------ DATA TO EXAMINE
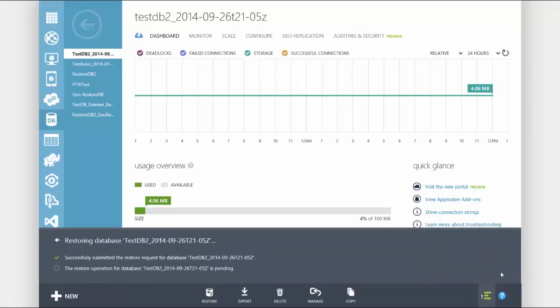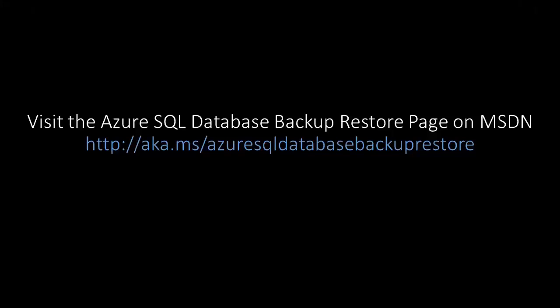Remember the automatic backup and restore capabilities are built in and completely free to all Azure SQL databases. To learn more visit the Azure SQL database backup and restore page on MSDN. Thanks for watching.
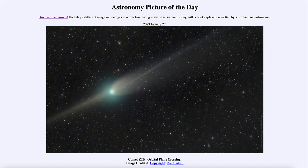Because of when this was taken — near the crossing of the orbital plane — we actually get to see an anti-tail, so the tail is visible on both sides of the head of the comet. We see that on both sides of the coma, and those are both parts of the tail. It's just a matter of perspective.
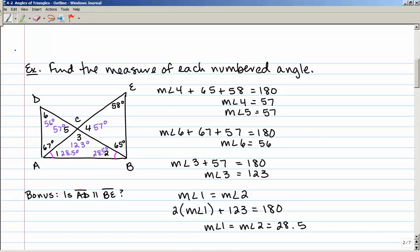Bonus question: is AD parallel to BE? In other words, is this line parallel to this line? Using transversal DB, if AD and BE were parallel lines, then angle 6 would have to be congruent to 65 degrees — and it is not. So no, they are not parallel, because angle 6 is not equal to 65 degrees. For the lines to be parallel, those alternate interior angles would have to be congruent.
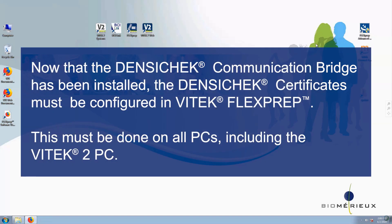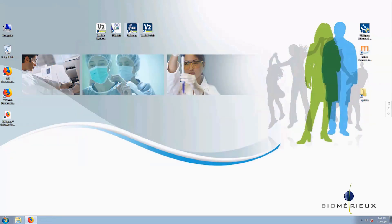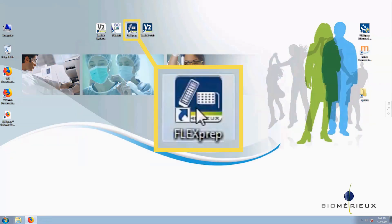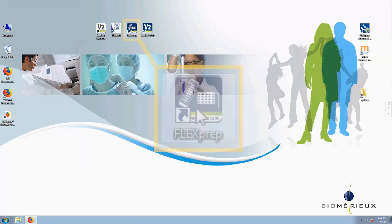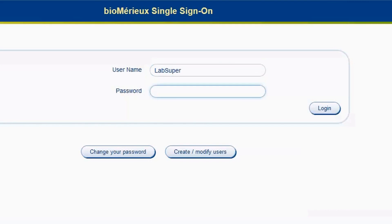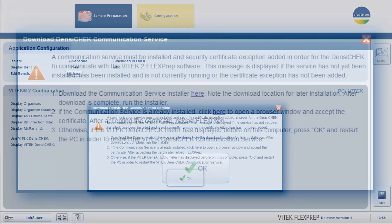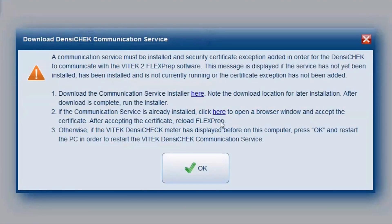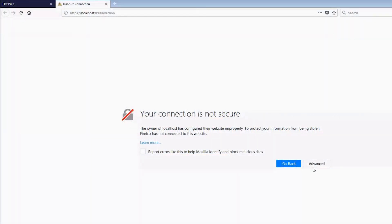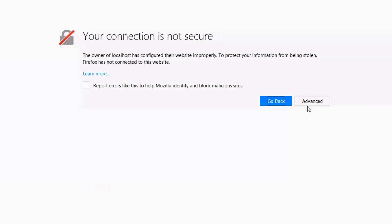Now that the Densichek communication bridge has been installed, the Densichek certificates must be configured in Vitek FlexPrep. This must be done on all PCs, including the Vitek 2 PC. Open Vitek FlexPrep by double-clicking the FlexPrep icon on the computer desktop. Log in as a supervisor or administrator. By default, the sample preparation screen will display. A warning pop-up will display. After reading the instructions, follow Step 2 by clicking Click Here. A tab appears stating your connection is not secure, indicating the certificates have not been accepted yet.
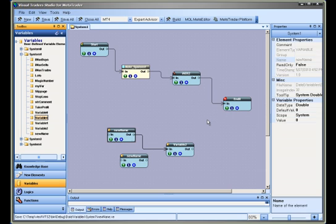This concludes the Using VTS Variable Elements training video. Thank you for watching and please see my other training videos for more information on using the Visual Traders Studio for MetaTrader.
------------
WORK TO BE COMPLETED
The preceding entries are to be written out again exactly, with the pictures removed.

OUTPUT FOR THIS TASK
Remember the automatic backup and restore capabilities are built in and completely free to all Azure SQL databases. To learn more visit the Azure SQL database backup and restore page on MSDN. Thanks for watching.
Because of when this was taken — near the crossing of the orbital plane — we actually get to see an anti-tail, so the tail is visible on both sides of the head of the comet. We see that on both sides of the coma, and those are both parts of the tail. It's just a matter of perspective.
Bonus question: is AD parallel to BE? In other words, is this line parallel to this line? Using transversal DB, if AD and BE were parallel lines, then angle 6 would have to be congruent to 65 degrees — and it is not. So no, they are not parallel, because angle 6 is not equal to 65 degrees. For the lines to be parallel, those alternate interior angles would have to be congruent.
Now that the Densichek communication bridge has been installed, the Densichek certificates must be configured in Vitek FlexPrep. This must be done on all PCs, including the Vitek 2 PC. Open Vitek FlexPrep by double-clicking the FlexPrep icon on the computer desktop. Log in as a supervisor or administrator. By default, the sample preparation screen will display. A warning pop-up will display. After reading the instructions, follow Step 2 by clicking Click Here. A tab appears stating your connection is not secure, indicating the certificates have not been accepted yet.
This concludes the Using VTS Variable Elements training video. Thank you for watching and please see my other training videos for more information on using the Visual Traders Studio for MetaTrader.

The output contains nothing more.